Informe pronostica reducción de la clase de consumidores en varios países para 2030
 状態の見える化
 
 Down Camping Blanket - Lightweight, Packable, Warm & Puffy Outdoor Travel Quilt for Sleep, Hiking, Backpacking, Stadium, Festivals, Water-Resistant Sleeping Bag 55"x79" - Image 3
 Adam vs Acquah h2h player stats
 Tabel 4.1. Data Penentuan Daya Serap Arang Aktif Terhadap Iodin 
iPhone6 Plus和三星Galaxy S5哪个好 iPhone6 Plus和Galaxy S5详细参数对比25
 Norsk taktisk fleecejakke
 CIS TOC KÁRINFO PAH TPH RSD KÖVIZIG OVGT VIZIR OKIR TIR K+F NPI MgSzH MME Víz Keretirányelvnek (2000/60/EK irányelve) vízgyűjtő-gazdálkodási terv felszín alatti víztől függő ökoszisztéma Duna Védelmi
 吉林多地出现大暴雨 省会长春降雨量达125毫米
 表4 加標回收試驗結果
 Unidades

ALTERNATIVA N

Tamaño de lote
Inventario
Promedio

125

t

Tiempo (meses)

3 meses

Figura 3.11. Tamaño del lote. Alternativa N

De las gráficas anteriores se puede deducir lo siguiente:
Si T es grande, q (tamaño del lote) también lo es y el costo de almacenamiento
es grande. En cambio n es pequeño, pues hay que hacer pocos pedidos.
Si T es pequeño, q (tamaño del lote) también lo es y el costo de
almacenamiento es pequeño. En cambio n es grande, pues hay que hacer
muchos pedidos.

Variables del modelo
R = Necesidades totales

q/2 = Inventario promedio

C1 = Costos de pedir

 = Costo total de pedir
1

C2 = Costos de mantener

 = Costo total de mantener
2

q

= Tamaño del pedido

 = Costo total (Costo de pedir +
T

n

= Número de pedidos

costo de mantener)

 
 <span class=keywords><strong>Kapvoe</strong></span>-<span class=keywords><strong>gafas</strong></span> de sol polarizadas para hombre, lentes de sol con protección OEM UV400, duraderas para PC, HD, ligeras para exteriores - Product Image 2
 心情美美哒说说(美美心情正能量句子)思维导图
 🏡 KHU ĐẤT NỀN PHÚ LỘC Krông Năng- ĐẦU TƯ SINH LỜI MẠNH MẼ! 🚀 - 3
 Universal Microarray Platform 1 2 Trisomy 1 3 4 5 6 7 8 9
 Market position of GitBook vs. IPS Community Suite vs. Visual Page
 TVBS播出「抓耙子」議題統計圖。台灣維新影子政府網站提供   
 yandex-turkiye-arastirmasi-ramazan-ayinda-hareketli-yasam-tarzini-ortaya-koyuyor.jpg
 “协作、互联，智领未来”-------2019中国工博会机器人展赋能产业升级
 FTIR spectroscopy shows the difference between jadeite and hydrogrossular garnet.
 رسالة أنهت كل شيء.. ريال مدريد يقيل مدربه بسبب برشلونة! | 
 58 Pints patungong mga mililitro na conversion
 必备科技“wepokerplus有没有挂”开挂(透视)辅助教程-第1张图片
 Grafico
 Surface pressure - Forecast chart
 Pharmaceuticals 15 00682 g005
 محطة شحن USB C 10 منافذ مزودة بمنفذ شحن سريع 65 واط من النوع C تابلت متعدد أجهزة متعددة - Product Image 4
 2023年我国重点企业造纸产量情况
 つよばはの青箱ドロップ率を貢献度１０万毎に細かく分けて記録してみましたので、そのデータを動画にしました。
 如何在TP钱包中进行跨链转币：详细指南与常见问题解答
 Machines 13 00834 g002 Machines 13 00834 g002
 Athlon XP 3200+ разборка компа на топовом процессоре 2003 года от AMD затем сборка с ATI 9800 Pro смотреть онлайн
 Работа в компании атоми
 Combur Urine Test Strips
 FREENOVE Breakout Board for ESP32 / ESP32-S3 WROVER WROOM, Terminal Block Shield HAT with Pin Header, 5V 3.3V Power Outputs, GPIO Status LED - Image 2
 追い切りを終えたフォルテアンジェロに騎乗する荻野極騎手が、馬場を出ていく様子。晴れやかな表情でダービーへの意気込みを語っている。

★ ★ ★

What you need to do
Work through the records above. Copy every line with the string "hacer".

Reply
es grande. En cambio n es pequeño, pues hay que hacer pocos pedidos.
almacenamiento es pequeño. En cambio n es grande, pues hay que hacer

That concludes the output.